# [What is required]
For the entries that follow, restate word for word the line containing "Cal-Mil Midnight Bamboo", the line containing "Warming Mat for", and every line that lies between them.

# [Extracted material]
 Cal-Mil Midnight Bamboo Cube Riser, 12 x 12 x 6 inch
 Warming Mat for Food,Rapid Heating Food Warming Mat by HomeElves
==
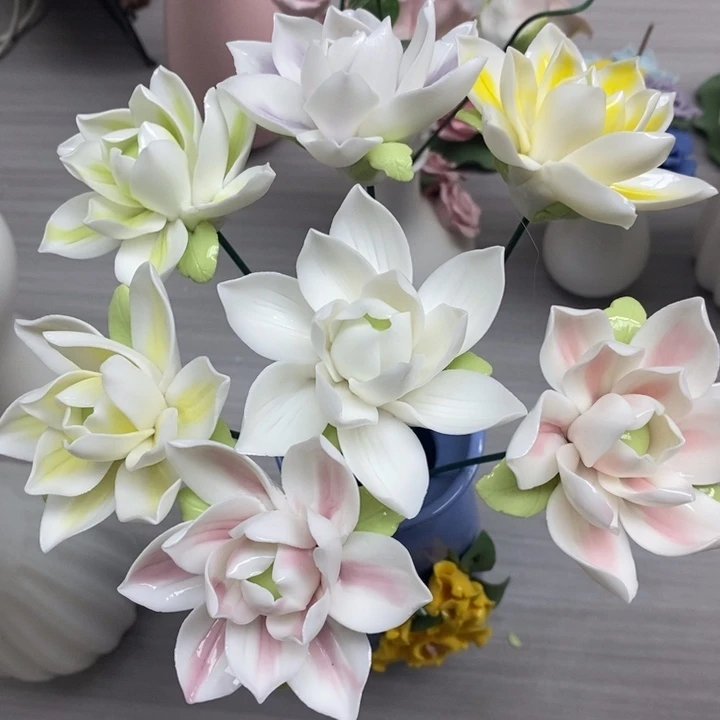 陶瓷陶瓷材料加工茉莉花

# [Output for this exercise]
 Cal-Mil Midnight Bamboo Cube Riser, 12 x 12 x 6 inch
 Warming Mat for Food,Rapid Heating Food Warming Mat by HomeElves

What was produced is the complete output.